§ **TASK STATEMENT**
Reproduce exactly, with no pictures, each line from the opening of the material down through the line containing "It shows the".

■ ■ ■

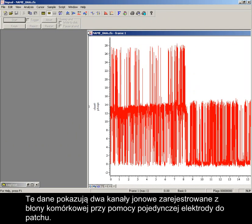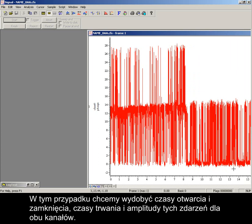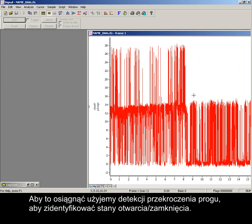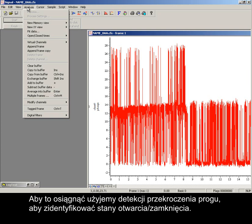The data here shows two ion channels recorded with a single patch electrode from a cell membrane. In this case, we want to extract the open and closed times, durations and amplitudes of these events in both channels. To achieve this, we will use threshold crossings to identify the open-closed states.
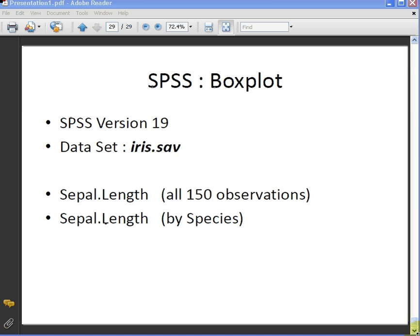In this presentation, we are going to look at how to construct a boxplot in SPSS. The version of SPSS we are using is version 19 and the data set is iris.save.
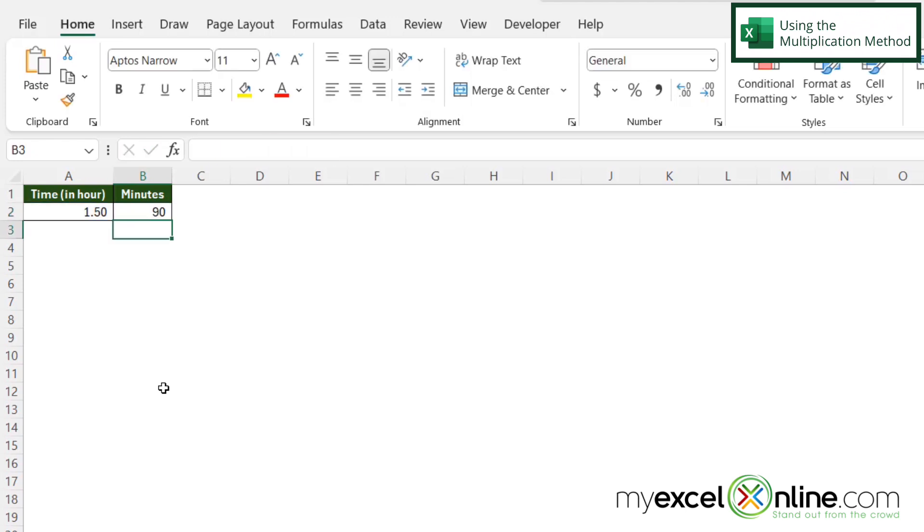And I can see that I am being returned with 90 minutes, and I know that 90 minutes is an hour and a half.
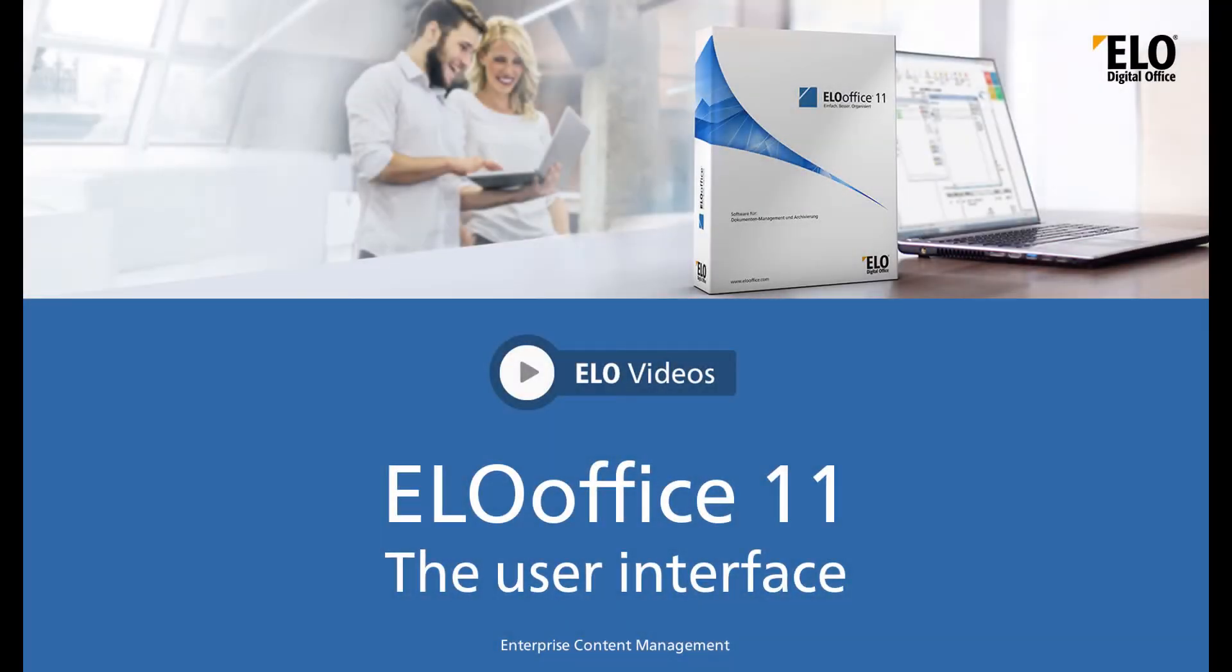Hello and welcome to another video tutorial from ELO Digital Office. In this video we will be showing you the new user interface in ELO Office 11.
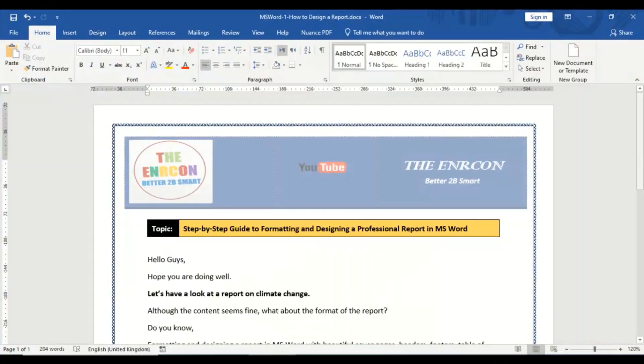Today's topic is a step-by-step guide to formatting and designing a professional report in MS Word. Hello guys, hope you are doing well. Let's have a look at a report on climate change.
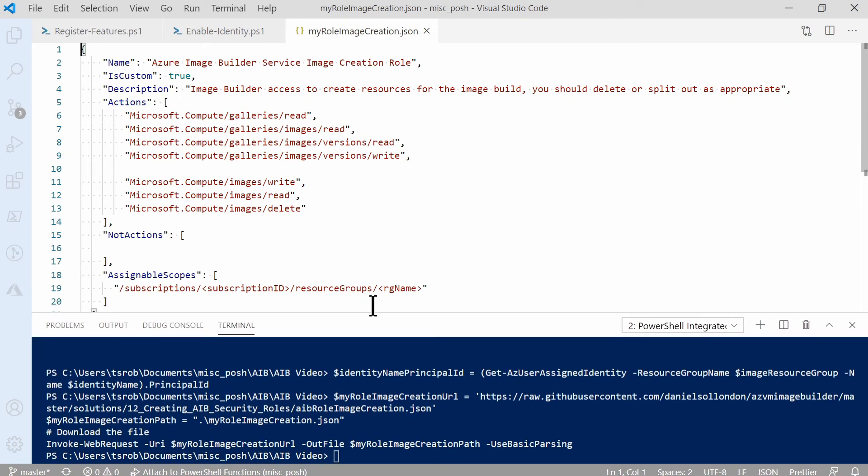It shows the name, description, and the rights the role will get. Also notice the scope is missing the subscription and resource group name. Let's go back to the script.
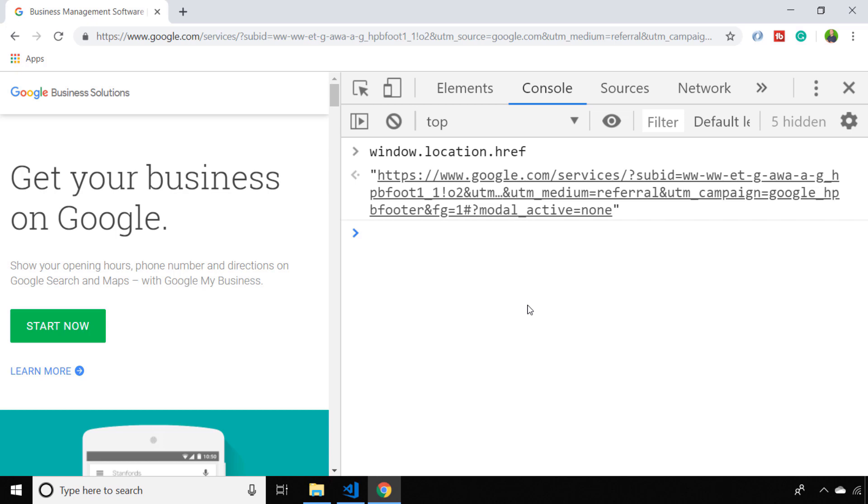A nice little tip is that you can actually pass the window.location.href string into a particular object constructor which will do all that hard work of breaking down this string into different parts of the URL for you, and the object you need to construct is a URL object.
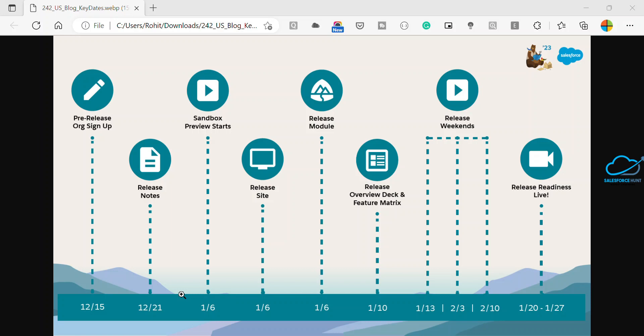If you have decided to take advantage of sandbox preview, your chosen sandboxes are upgrading to Spring 23. The sandbox preview allows you to test new features without impacting your live environment.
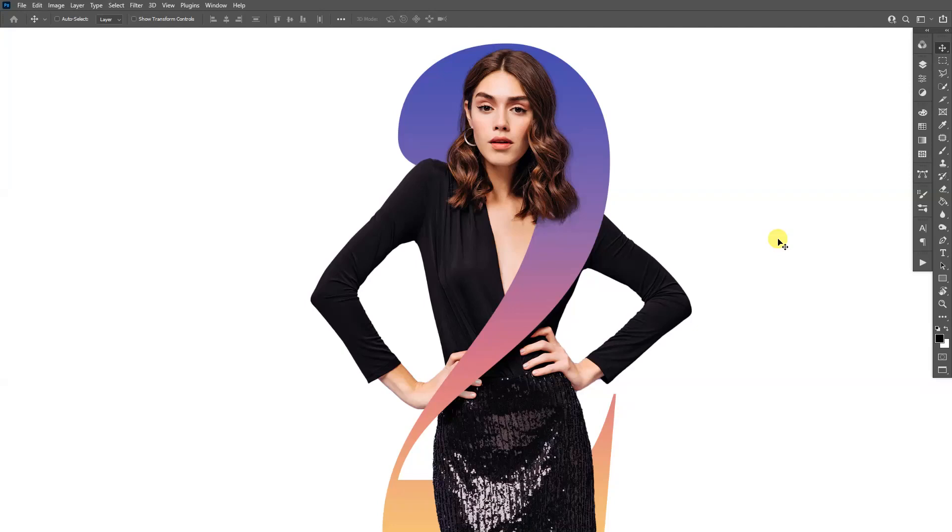Hey, what is good on? This is Rob from Panther. Today I'm going to show you how to create this amazing composition in Photoshop.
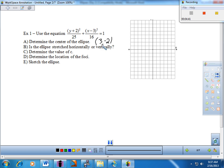Let's count it out: right 3, down 2 — I'll put a little X right there to highlight that center. Now, is the ellipse stretched horizontally or vertically? The order doesn't matter — just focus on the numbers. The larger of the two numbers is under the Y, so this is going to be stretched vertically.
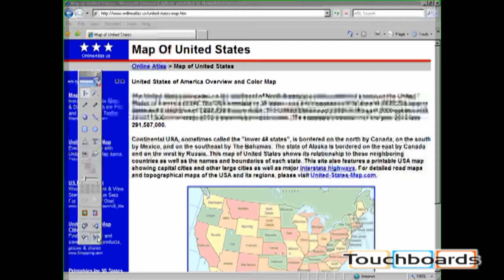When you click on screen annotation, there are two indicators that you have entered screen annotation mode. First, there is a green border around the screen. Secondly, there is a camera flash noise.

■ ■ ■

§ **TASK RESULT**
The data here shows two ion channels recorded with a single patch electrode from a cell membrane. In this case, we want to extract the open and closed times, durations and amplitudes of these events in both channels. To achieve this, we will use threshold crossings to identify the open-closed states.
In this presentation, we are going to look at how to construct a boxplot in SPSS. The version of SPSS we are using is version 19 and the data set is iris.save.
And I can see that I am being returned with 90 minutes, and I know that 90 minutes is an hour and a half.
Hello and welcome to another video tutorial from ELO Digital Office. In this video we will be showing you the new user interface in ELO Office 11.
Today's topic is a step-by-step guide to formatting and designing a professional report in MS Word. Hello guys, hope you are doing well. Let's have a look at a report on climate change.
It shows the name, description, and the rights the role will get. Also notice the scope is missing the subscription and resource group name. Let's go back to the script.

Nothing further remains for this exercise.